Short web captions:
[Start of Attachment]

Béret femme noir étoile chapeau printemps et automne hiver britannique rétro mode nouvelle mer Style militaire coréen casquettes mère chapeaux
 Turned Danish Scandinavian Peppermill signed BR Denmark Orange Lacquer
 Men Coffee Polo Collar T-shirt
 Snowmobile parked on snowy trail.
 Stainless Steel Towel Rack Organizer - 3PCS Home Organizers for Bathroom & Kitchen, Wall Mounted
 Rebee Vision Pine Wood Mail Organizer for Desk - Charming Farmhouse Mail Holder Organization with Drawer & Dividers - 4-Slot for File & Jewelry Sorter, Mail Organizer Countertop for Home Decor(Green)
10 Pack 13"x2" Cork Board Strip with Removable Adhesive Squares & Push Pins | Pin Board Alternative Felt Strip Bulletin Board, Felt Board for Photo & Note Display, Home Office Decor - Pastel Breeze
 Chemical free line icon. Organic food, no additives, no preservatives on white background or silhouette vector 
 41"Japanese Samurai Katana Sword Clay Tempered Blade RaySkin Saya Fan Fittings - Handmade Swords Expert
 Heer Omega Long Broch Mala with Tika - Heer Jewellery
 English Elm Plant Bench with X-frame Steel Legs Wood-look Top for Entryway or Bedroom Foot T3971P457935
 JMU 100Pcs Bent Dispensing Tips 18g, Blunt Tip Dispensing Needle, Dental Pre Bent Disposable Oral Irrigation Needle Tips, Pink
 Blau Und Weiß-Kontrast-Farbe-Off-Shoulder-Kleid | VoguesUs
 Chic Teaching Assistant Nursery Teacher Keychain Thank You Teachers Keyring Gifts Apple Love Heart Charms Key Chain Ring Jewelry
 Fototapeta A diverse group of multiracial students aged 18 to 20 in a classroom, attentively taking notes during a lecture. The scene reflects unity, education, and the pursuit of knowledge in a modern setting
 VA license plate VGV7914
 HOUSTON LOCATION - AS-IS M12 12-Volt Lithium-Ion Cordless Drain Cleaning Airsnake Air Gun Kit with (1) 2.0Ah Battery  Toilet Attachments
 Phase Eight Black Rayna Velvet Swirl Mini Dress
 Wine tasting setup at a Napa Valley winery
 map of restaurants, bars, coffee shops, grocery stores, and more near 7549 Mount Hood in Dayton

[End of Attachment]

#### TASK STATEMENT
The lines of the data, from the first through the one containing "English Elm Plant", are to be transcribed exactly.

#### WRITTEN ANSWER
Béret femme noir étoile chapeau printemps et automne hiver britannique rétro mode nouvelle mer Style militaire coréen casquettes mère chapeaux
 Turned Danish Scandinavian Peppermill signed BR Denmark Orange Lacquer
 Men Coffee Polo Collar T-shirt
 Snowmobile parked on snowy trail.
 Stainless Steel Towel Rack Organizer - 3PCS Home Organizers for Bathroom & Kitchen, Wall Mounted
 Rebee Vision Pine Wood Mail Organizer for Desk - Charming Farmhouse Mail Holder Organization with Drawer & Dividers - 4-Slot for File & Jewelry Sorter, Mail Organizer Countertop for Home Decor(Green)
10 Pack 13"x2" Cork Board Strip with Removable Adhesive Squares & Push Pins | Pin Board Alternative Felt Strip Bulletin Board, Felt Board for Photo & Note Display, Home Office Decor - Pastel Breeze
 Chemical free line icon. Organic food, no additives, no preservatives on white background or silhouette vector 
 41"Japanese Samurai Katana Sword Clay Tempered Blade RaySkin Saya Fan Fittings - Handmade Swords Expert
 Heer Omega Long Broch Mala with Tika - Heer Jewellery
 English Elm Plant Bench with X-frame Steel Legs Wood-look Top for Entryway or Bedroom Foot T3971P457935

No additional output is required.